**The data:**
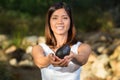 Asian woman holding avocado Royalty Free Stock Photo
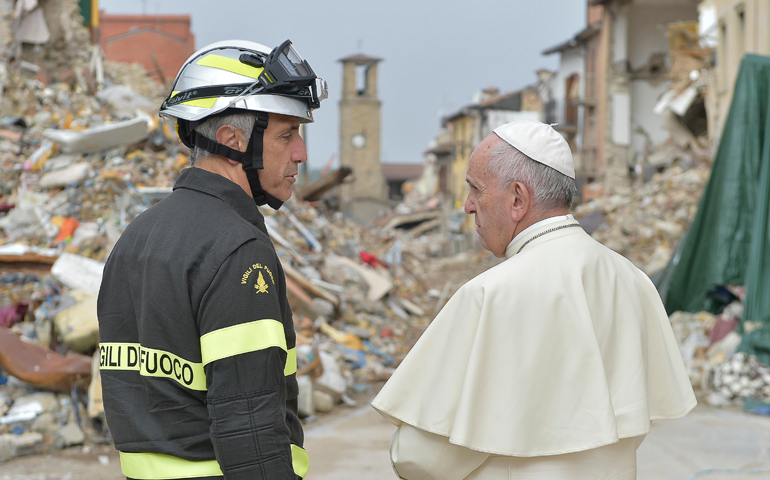 Pope Francis talks with a firefighter Oct. 4 in Amatrice, Italy. (CNS/L'Osservatore Romano) 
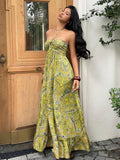 Olive green paisley halter maxi dress with front ring detail and flowing skirt
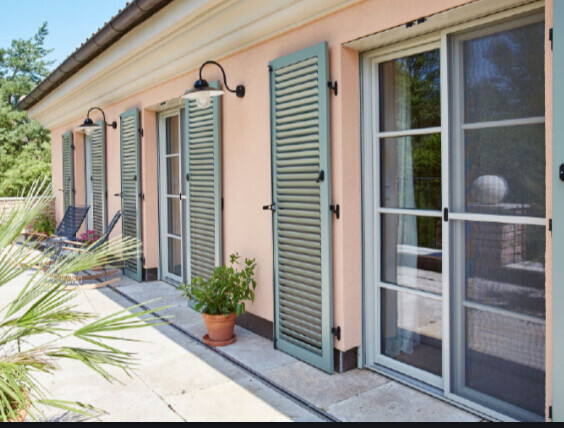 Außenansicht eines Hauses mit Terrassentüren, grünen Fensterläden und Topfpflanze.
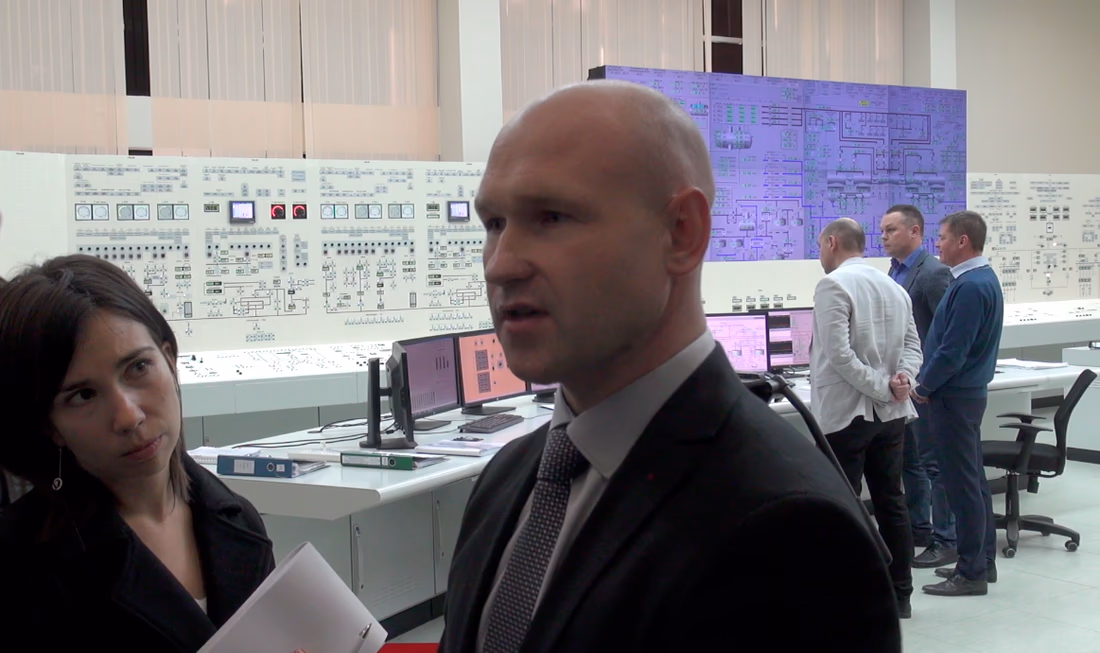 Kadras iš Baltarusijos atominės elektrinės mokomosios centrinio valdymo pulto patalpos. Į Vengrijos žurnalistės klausimą atsako elektrinės specialistas. Nuotr. E.eu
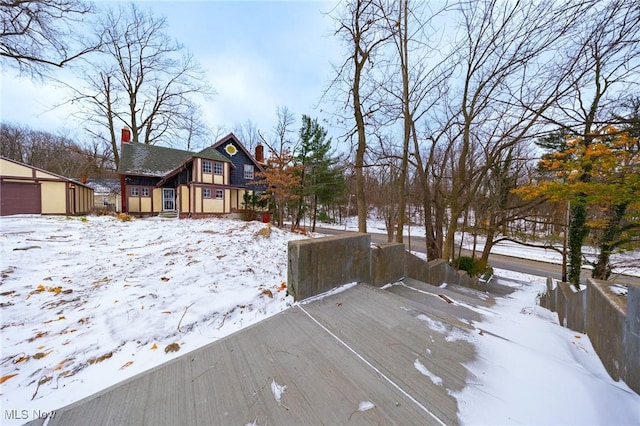 yard layered in snow featuring a garage and an outbuilding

**About this task:**
Repeat each record as given. No picture belongs in the copy.

**Reply to the task:**
 Asian woman holding avocado Royalty Free Stock Photo
 Pope Francis talks with a firefighter Oct. 4 in Amatrice, Italy. (CNS/L'Osservatore Romano) 
 Olive green paisley halter maxi dress with front ring detail and flowing skirt
 Außenansicht eines Hauses mit Terrassentüren, grünen Fensterläden und Topfpflanze.
 Kadras iš Baltarusijos atominės elektrinės mokomosios centrinio valdymo pulto patalpos. Į Vengrijos žurnalistės klausimą atsako elektrinės specialistas. Nuotr. E.eu
 yard layered in snow featuring a garage and an outbuilding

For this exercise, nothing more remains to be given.